Cześć, cieszymy się, że tutaj trafiliście. :)
Mamy nadzieję, że #ZdrapkaPrzedślubna daje Wam wiele okazji do nauki Miłości. <3
Dziś chcemy poruszyć temat, o którym myśląc o ślubie nie poruszamy zbyt często. Temat kryzysu, z którym z pewnością przyjdzie się Wam zmierzyć.
O kilka słów na ten temat poprosiliśmy Iwonę i Maćka z bloga Powołani do Świętości. Przeczytajcie wspólnie tekst, a później pomówcie o tym, co dotknęło Was w nim najbardziej. :)
_______________________________________________________________________
KRYZYS to nie zawsze znaczy to samo…
Kiedy słyszeliśmy na naukach przedmałżeńskich, że kryzys dotyka każdego małżeństwa, nie sądziliśmy, że do nas przyjdzie tak szybko. Zaledwie w kilka miesięcy od sakramentalnego TAK zaczęły dziać się trudne rzeczy w naszej relacji. Mąż bardzo blisko, a jednocześnie jakby był totalnie nieobecny. Znikające pieniądze z konta, jakieś „nieudane inwestycje”. Fale pogłębiających się długów.
Przez pierwsze 3 lata małżeństwa żyliśmy w jakiejś totalnej iluzji i zaprzeczeniu. Iluzji o naszym małżeństwie, o sobie, o sobie nawzajem i zaprzeczeniu poważnej chorobie, która stawała się coraz większym murem między nami. Doszło do tego, że już trzeba było porządnie stanąć na palcach, żeby się przez ten mur zobaczyć. Mówimy bardzo obrazowo, ale jednocześnie to dobrze pokazuje, że jeśli nic nie robimy z tym co nas spotyka, mur rośnie, problem sam się nie rozwiązuje, a unikanie go, sprawia, że się pogłębia do tego stopnia, że nie widzimy już tej drugiej osoby.

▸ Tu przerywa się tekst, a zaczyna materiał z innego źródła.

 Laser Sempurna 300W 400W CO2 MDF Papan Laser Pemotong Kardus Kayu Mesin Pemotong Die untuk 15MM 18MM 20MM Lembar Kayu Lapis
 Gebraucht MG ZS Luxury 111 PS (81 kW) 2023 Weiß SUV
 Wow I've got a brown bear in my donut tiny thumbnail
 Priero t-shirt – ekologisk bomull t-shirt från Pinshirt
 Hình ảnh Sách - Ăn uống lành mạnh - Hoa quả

Nie przypadkowo napisaliśmy na samym początku, że kryzys to nie zawsze znaczy to samo. Małżonków spotykają różnego kalibru sytuacje – uzależnienia, zdrady, poważne choroby, utrata dzieci, bezpłodność, problemy z rodzicami, teściami, agresja, przemoc… i wiele innych. Nie mamy antidotum na wszystkie kryzysy, ale możemy podzielić się tym, co zadziało się w naszym małżeństwie i jak to się stało, że zaczęliśmy z tego wychodzić.
Po pierwsze stanięcie w prawdzie #PRAWDANASWYZWOLI. Bez tego pierwszego kroku, trudno zrobić kolejny. Nazwanie problemu często nie jest łatwe, mechanizm zaprzeczenia świetnie maskuje prawdę. Trudno przyznawać się do słabości. Czasem potrzeba pomocy specjalistów, żeby dojść do tego, co tak naprawdę rozwala nasze małżeństwo.

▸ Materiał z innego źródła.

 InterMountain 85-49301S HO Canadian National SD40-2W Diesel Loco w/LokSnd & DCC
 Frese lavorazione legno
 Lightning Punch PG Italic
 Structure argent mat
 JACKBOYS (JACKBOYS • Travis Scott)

U nas był to hazard Maćka i wszystkie konsekwencje z nim związane. Dodatkowo Iwona z DDA „świetnie” weszła w mechanizmy współuzależnienia.

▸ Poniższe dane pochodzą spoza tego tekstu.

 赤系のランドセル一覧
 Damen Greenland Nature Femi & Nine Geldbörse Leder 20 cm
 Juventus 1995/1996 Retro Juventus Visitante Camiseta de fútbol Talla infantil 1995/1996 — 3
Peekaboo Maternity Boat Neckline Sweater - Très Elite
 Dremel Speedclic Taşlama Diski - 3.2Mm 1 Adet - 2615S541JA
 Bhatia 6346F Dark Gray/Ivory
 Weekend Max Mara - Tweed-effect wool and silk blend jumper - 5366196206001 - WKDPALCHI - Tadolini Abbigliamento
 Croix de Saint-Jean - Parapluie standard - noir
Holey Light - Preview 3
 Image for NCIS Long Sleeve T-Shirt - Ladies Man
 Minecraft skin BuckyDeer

Jeszcze na samym początku tego kryzysu w poczuciu zranienia, osamotnienia po pierwszej fali długów i po ciągu hazardowym Iwona zapytała Boga co On zamierza z tym zrobić. Po długiej modlitwie otworzyła słowo Boże, tak po prostu. A tam fragment z księgi Aggeusza:
„Czy jest między wami ktoś, kto widział ten dom w jego dawnej chwale? A jak się on wam teraz przedstawia? Czyż nie wydaje się wam, jakby go w ogóle nie było? Teraz jednak nabierz ducha (…) – mówi Pan (…) PRACUJCIE, BO JA JESTEM Z WAMI mówi Pan Zastępów. ZGODNIE Z PRZYMIERZEM, KTÓRE ZAWARŁEM Z WAMI, gdy wyszliście z Egiptu, duch mój stale przebywa pośród was; NIE LĘKAJCIE SIĘ! Bo tak mówi Pan Zastępów: Jeszcze raz, będzie to jedna chwila, a Ja poruszę niebiosa i ziemię, morze i ląd. Poruszę wszystkie narody, tak że napłyną kosztowności wszystkich narodów, i NAPEŁNIĘ CHWAŁĄ TEN DOM. Do Mnie należy srebro i do Mnie złoto. PRZYSZŁA CHWAŁA TEGO DOMU BĘDZIE WIĘKSZA OD DAWNEJ; NA TYM MIEJSCU JA UDZIELĘ POKOJU – mówi Pan Zastępów” <Księga Aggeusza, 1,15b-2,9>
Nie musimy mówić jakie emocje towarzyszyły Iwonie, kiedy otworzył się taki fragment.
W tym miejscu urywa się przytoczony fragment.